司法 バックナンバー 1/3
司法修習生の貸与制
私の時代は、初年の基本給月額10万8600円、大都市調整手当8%(東京)、期末手当(ボーナス。6月、12月、3月の3回。合計4.9ヶ月分)、住宅手当、通勤手当などが支給されていました。「給費制」と呼ばれています。
私自身は、仕送り額が、毎月、9万円から10万円だったので(授業料半年に1回1万8000円。4年間で14万4000円は別途送金)、生活は楽になりました。
県庁職員であった父親も、家庭教師のアルバイトをして留年されるよりいいと考えて、結構な金額を送金してくれていたようです。
といっても、学生時代からの、トイレ共同、風呂は銭湯という、まかないなしの下宿屋に住んでいました。
私は、修習終了と同時に裁判官に任官したので「風当たり」は全く感じませんでしたが、弁護士になった同級生の中には、「弁護士になるのに、修習生時代に給与をもらうのはおかしい」といわれた人もあったようです。

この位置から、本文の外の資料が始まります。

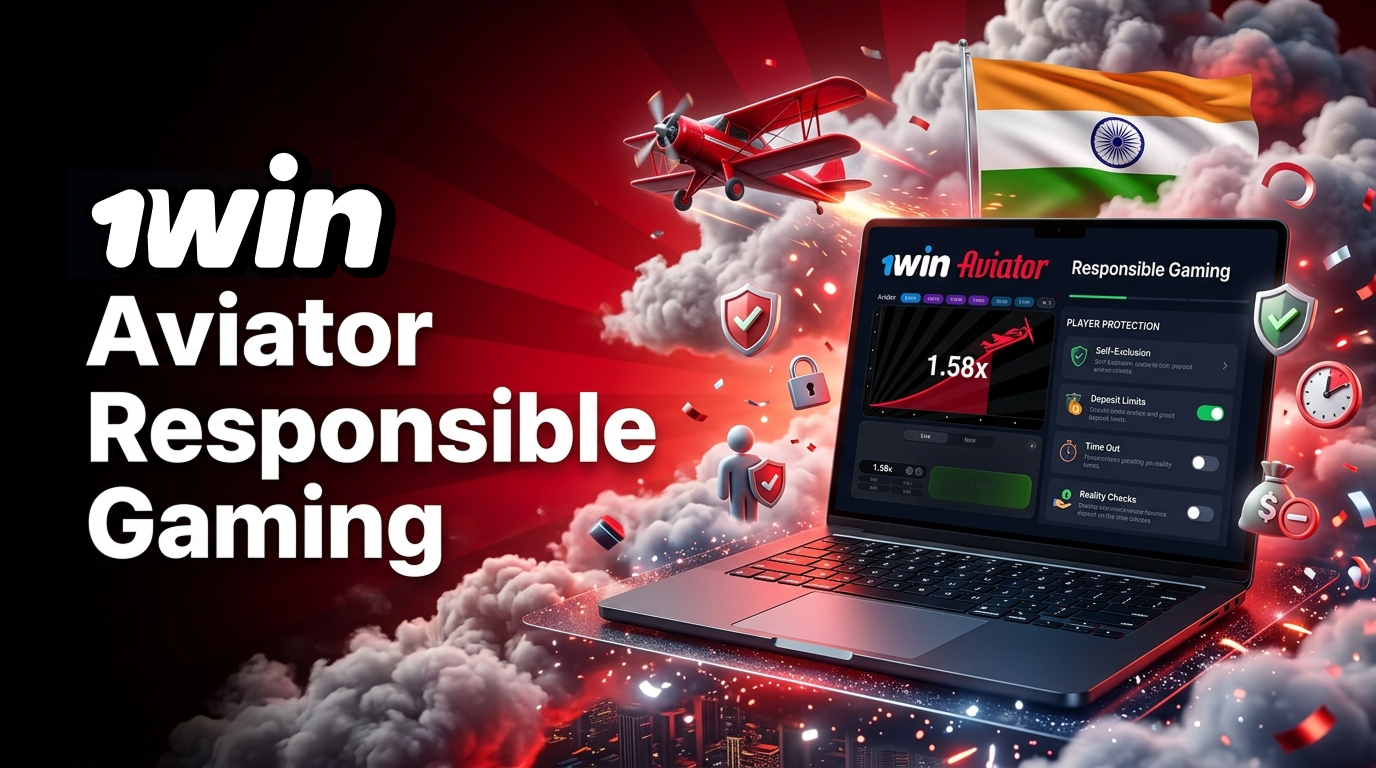 Responsible gambling on 1Win Aviator India with limits and self-exclusion features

平成16年の裁判所法改正で「貸与制」の導入が決まりました。ただ、ずっと実施が延期されてきていました。
家族や住宅の事情に応じて月18万ないし28万円を無利子で貸す仕組みで、予算は約100億円と見込まれています。
修習後、5年間は返済が猶予され、6年目から10年かけて返済することになります。もちろん、前倒しで返済することは可能です。
日本弁護士連合会は、司法試験合格までに奨学金を借りている修習生が多く、貸与制でさらに借金が必要な状態になると、「金持ちしか法律家になれなくなる」との懸念があり、「貸与制」ではなく「給費制」に法改正すべきだとの運動をしています。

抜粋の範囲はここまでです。